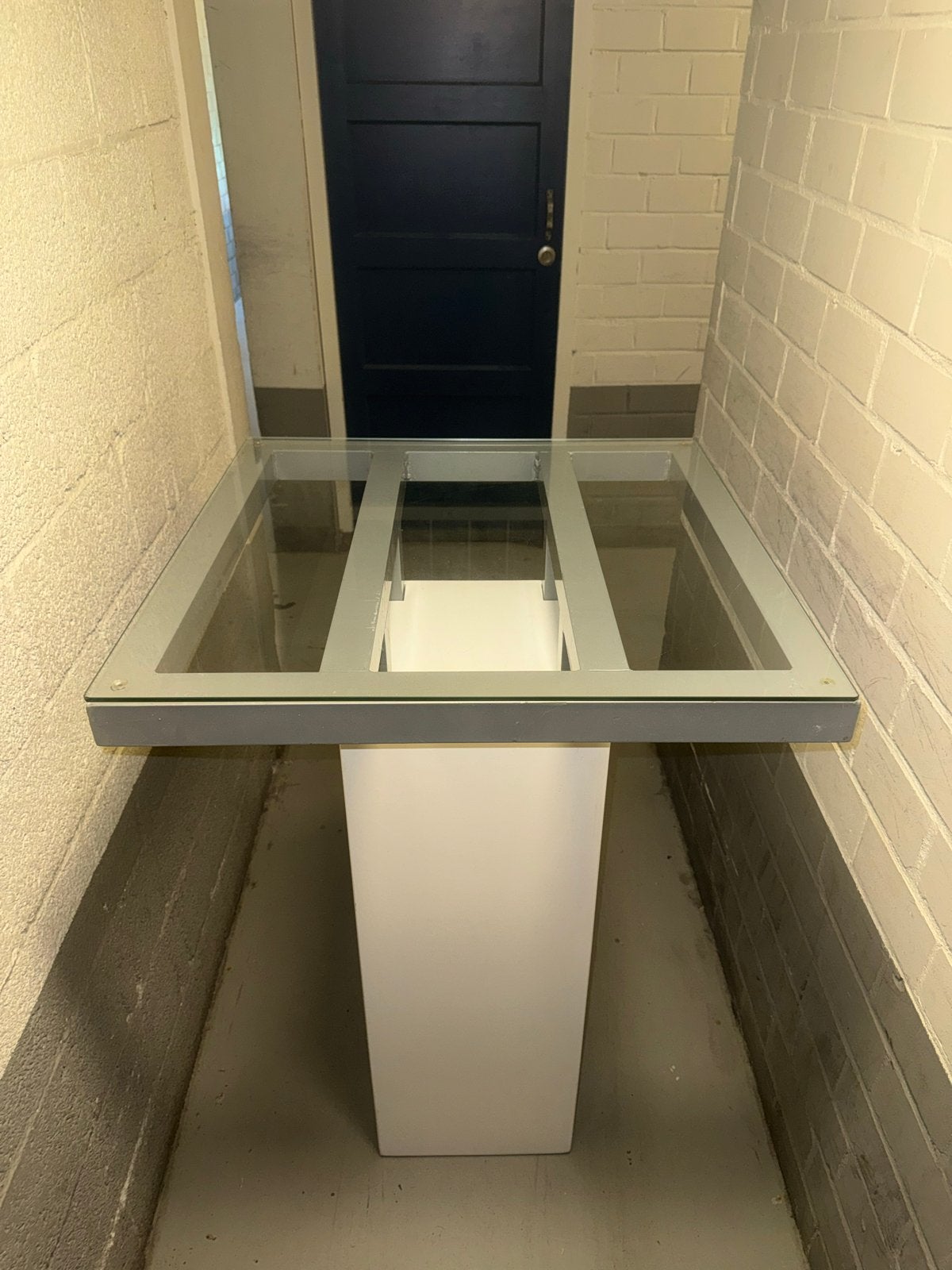 Moderne glazen statafel met metalen frame, Ophalen, Zo goed als nieuw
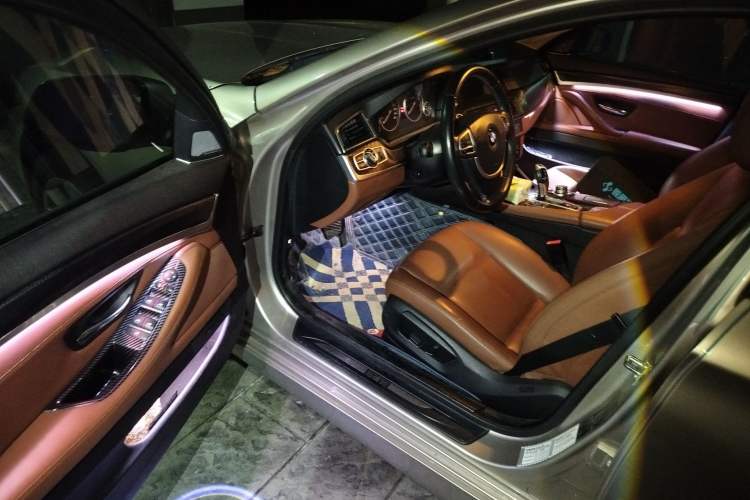 Used BMW 5 Series 2014 520Li Elegant Model
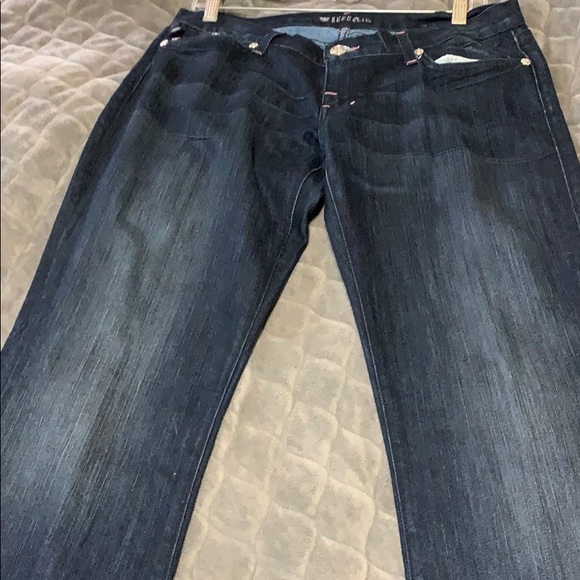 Jeans - Picture 2 of 4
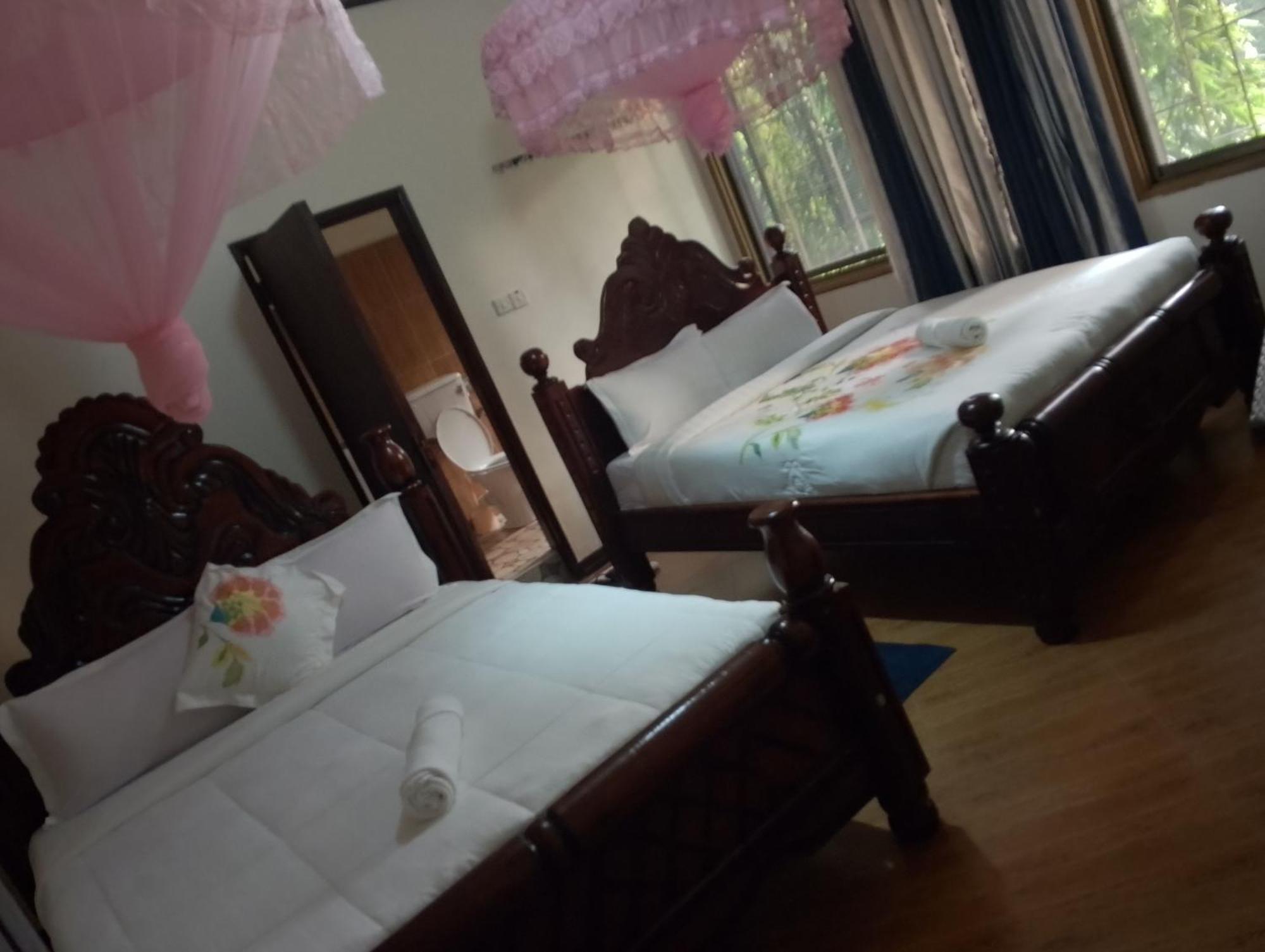 Discovery Courts Hotel Entebbe Esterno foto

» **Exercise objective**: Pictures are to be left out; the listing above is otherwise to be copied exactly.

» **Exercise response**:
 Moderne glazen statafel met metalen frame, Ophalen, Zo goed als nieuw
 Used BMW 5 Series 2014 520Li Elegant Model
 Jeans - Picture 2 of 4
 Discovery Courts Hotel Entebbe Esterno foto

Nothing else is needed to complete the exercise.